Task brief> Transcribe exactly the lines below that begin at the line with "Вантажний фургон Renault Master 2021 в Києві" and stop after the line with "[XANH SM] Thông", leaving out every picture.

Data records>
>>

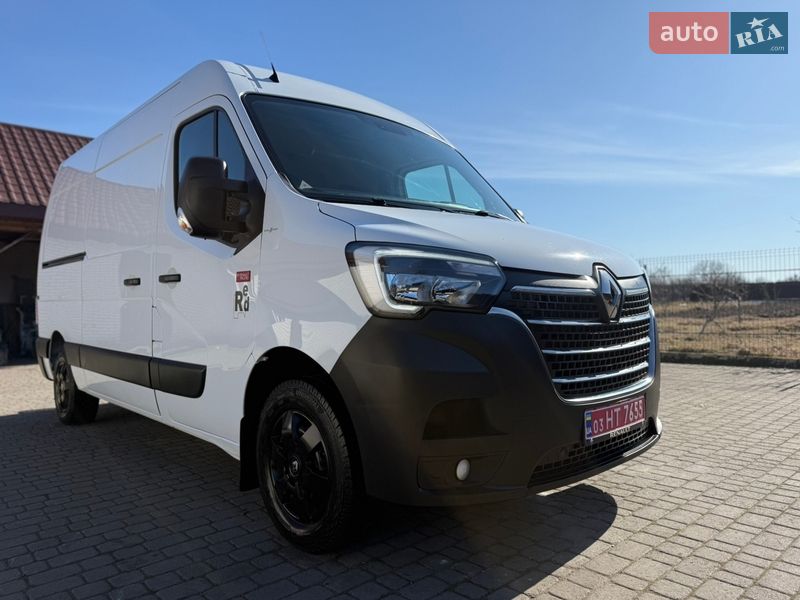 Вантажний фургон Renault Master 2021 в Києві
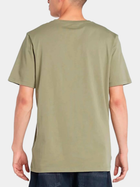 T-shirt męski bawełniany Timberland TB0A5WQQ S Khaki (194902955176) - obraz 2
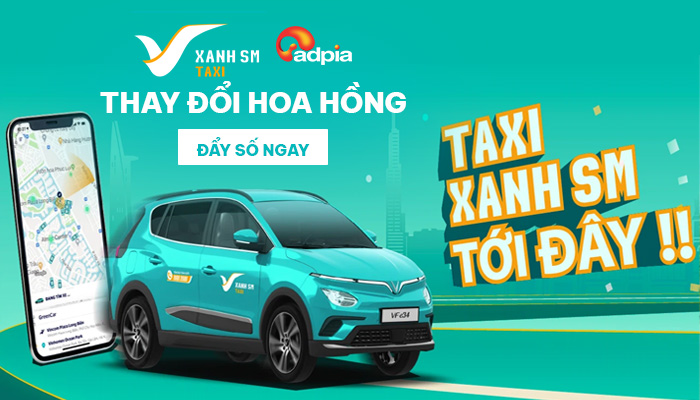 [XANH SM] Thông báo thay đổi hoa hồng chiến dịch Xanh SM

<<
>>

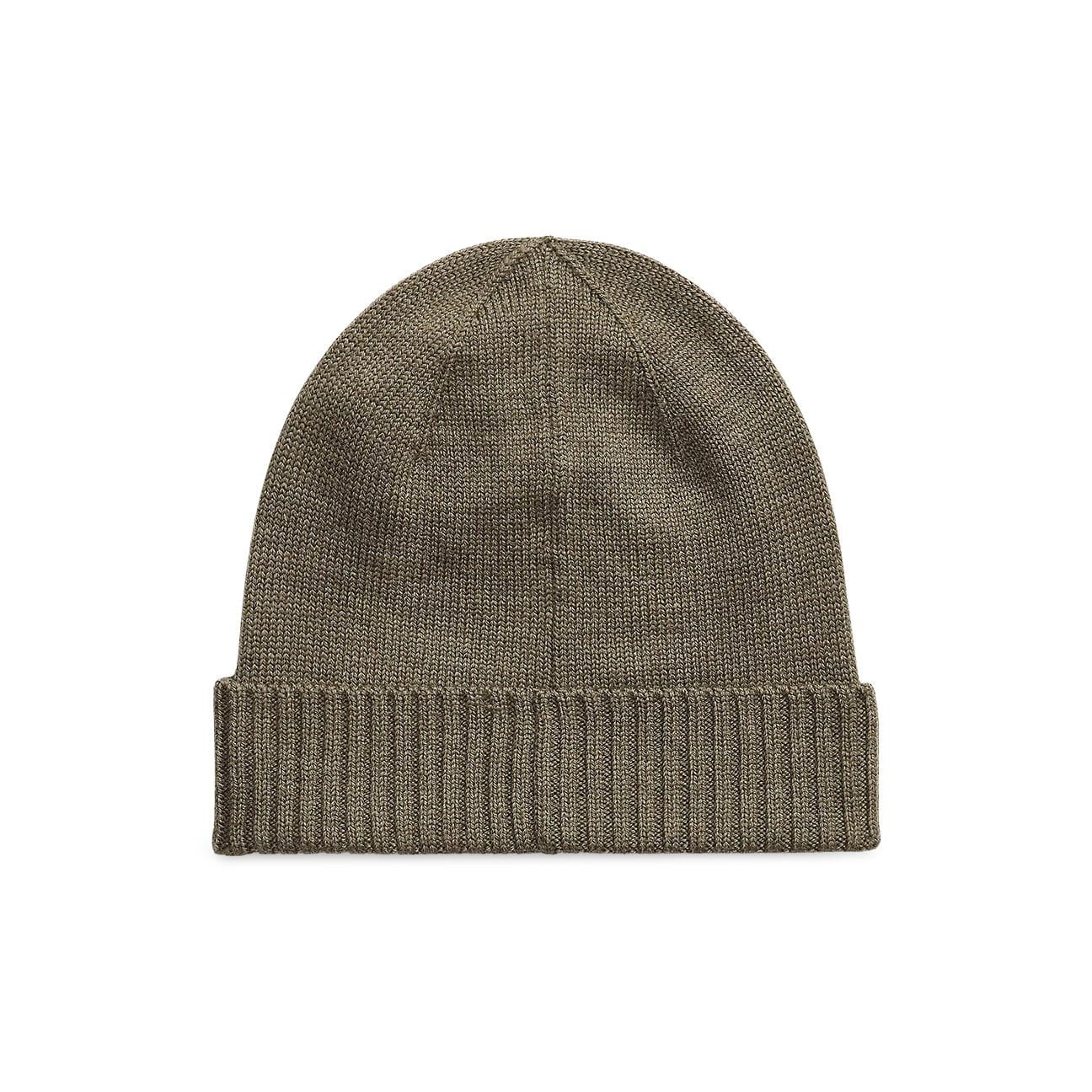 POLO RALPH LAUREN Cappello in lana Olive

<<
>>

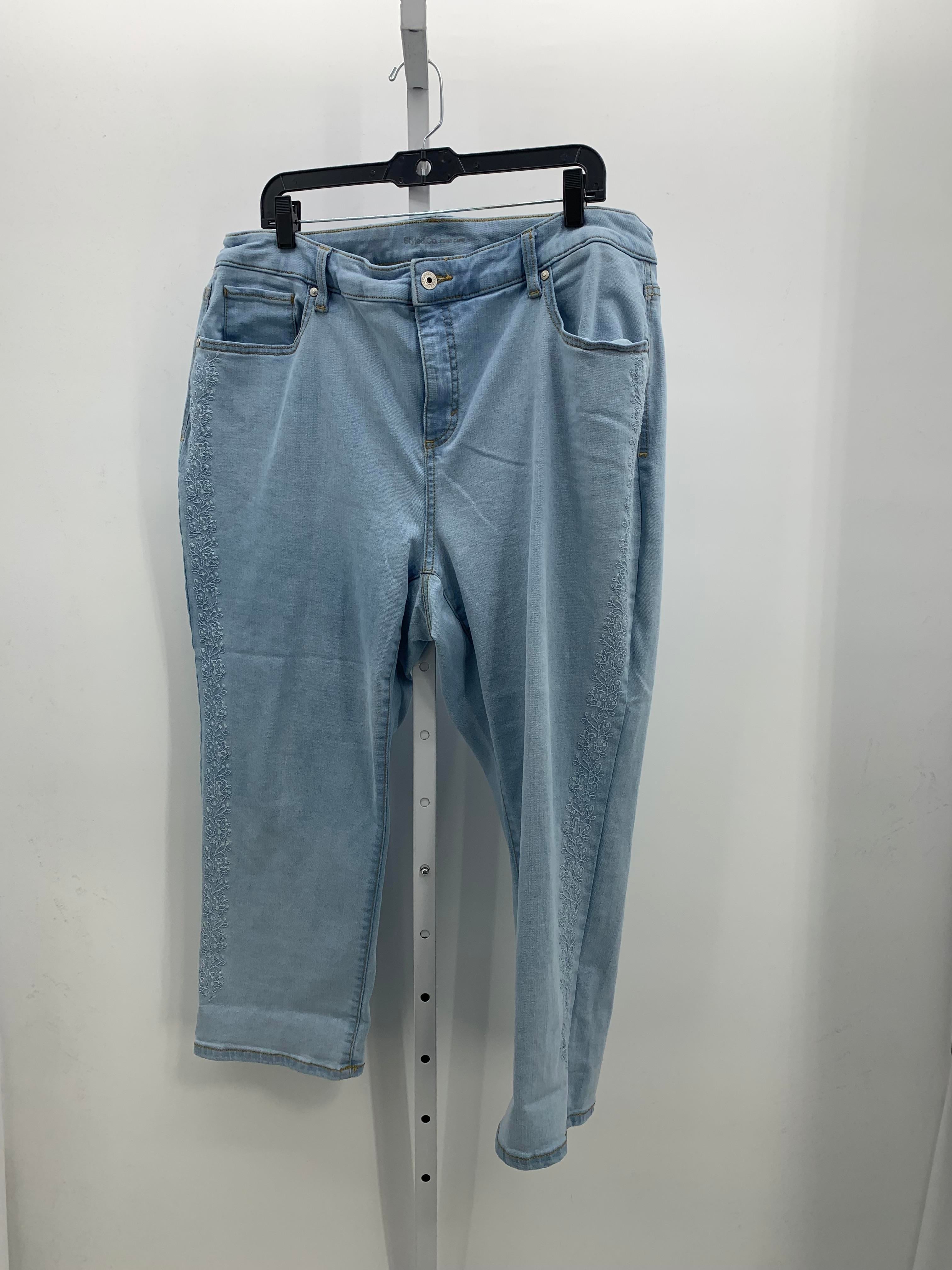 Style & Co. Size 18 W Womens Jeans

<<

Solution to this exercise>
 Вантажний фургон Renault Master 2021 в Києві
 T-shirt męski bawełniany Timberland TB0A5WQQ S Khaki (194902955176) - obraz 2
 [XANH SM] Thông báo thay đổi hoa hồng chiến dịch Xanh SM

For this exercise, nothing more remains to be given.